EFE News notes that Latin America has large pockets of poverty and
a high proportion of informal workers without health coverage or
any means of surviving in lockdown, which has pushed some countries
to consider de-escalation before they have reduced their contagion
rates.

Despite recommendations from PAHO that it is not yet time to
reopen, "each country is sovereign", the report quoted Mr.
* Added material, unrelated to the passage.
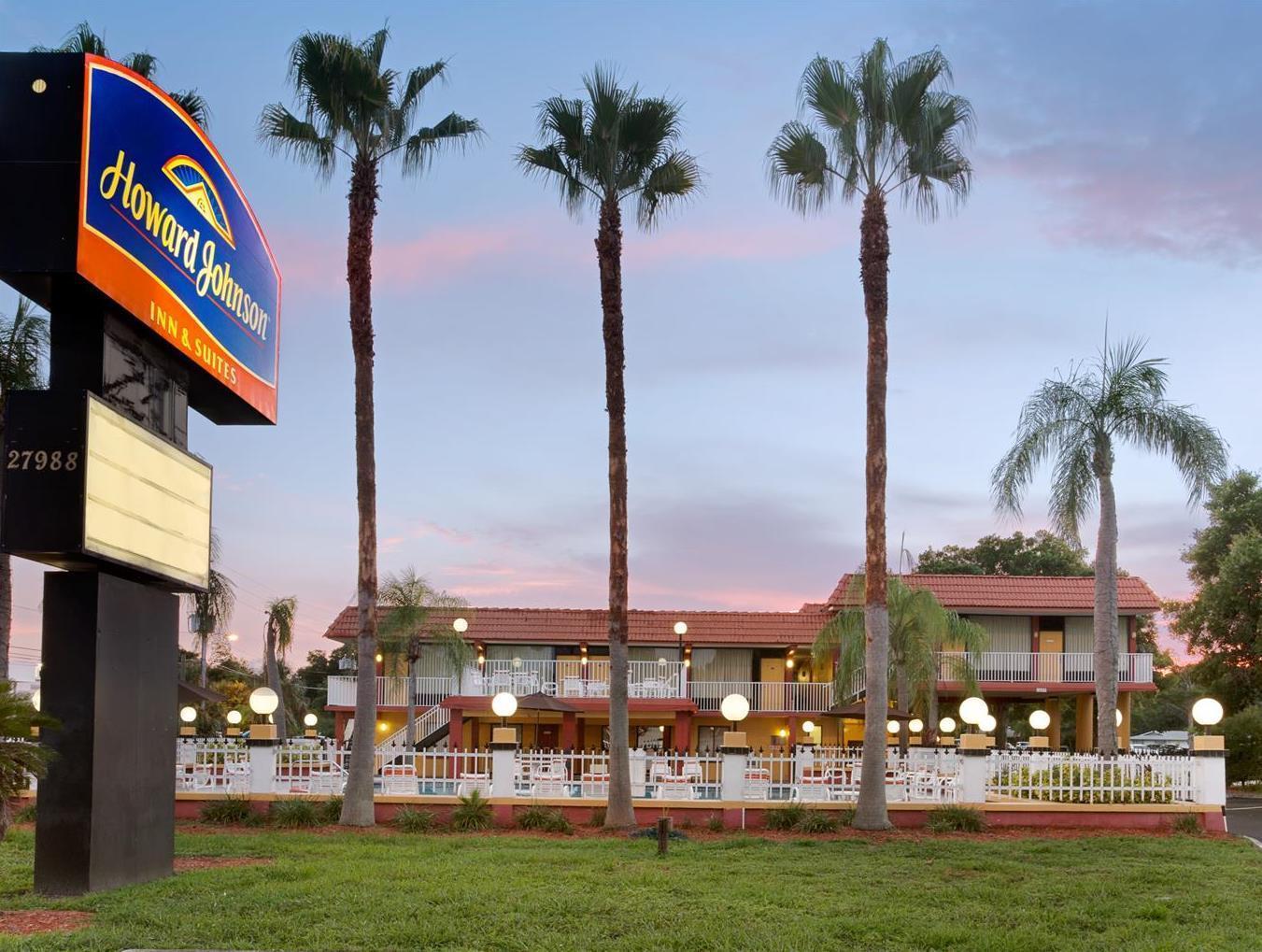 Howard Johnson By Wyndham Clearwater - Dunedin Экстерьер фото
Espinal
as saying.

Espinal added that the organization understands "that many people
without permanent work have to look for the support of their
families," the report relays.

The expert urged countries to reopen in a "gradual and analytical"
way and encouraged each nation to decide on responsible economic
and financial measures, along with public health authorities and
community representatives, the report notes.

Espinal said Latin American countries have had more time than
Europe to implement prevention measures such as social distancing
and awareness campaigns but warned that many of their health
services are not sufficiently financed for this kind of emergency,
the report says.

"PAHO recommends that countries invest at least six percent of
gross domestic product in public health but most of them do not
reach that figure," Espinal added.

Espinal said he hopes the pandemic will help governments in the
area to become more aware of the need of a properly funded health
service, the report relays.

"The investment must be in quantity and quality for years because
it is not only about dealing with Covid but also other diseases
that are going to come in a region where we already had Zika or
H1N1 flu," he cautioned, the report notes.

Brazil is the second-worst affected country in the world with
almost 700,000 infections and 37,000 deaths, the report discloses.

Elsewhere in the region, Peru has reported almost 200,000
infections, Chile 134,000 and Mexico nearly 120,000, the report
says.

PAHO and WHO have expressed concerns about Haiti, which has one of
the weakest health systems in the region, and Nicaragua, the report
notes.

EFE News relays that Espinal said the latter country "was de facto
trying to adopt group immunity" that has already been tried and
failed in European countries like Sweden and the United Kingdom.

He added that some Latin American governments took preventive
measures relatively early, such as Colombia and the Dominican
Republic, the report relays.

Espinal highlighted the "excellent testing program" of nations such
as Chile and Uruguay, which have carried out 30,000 and 14,000
tests per million inhabitants, respectively, the report adds.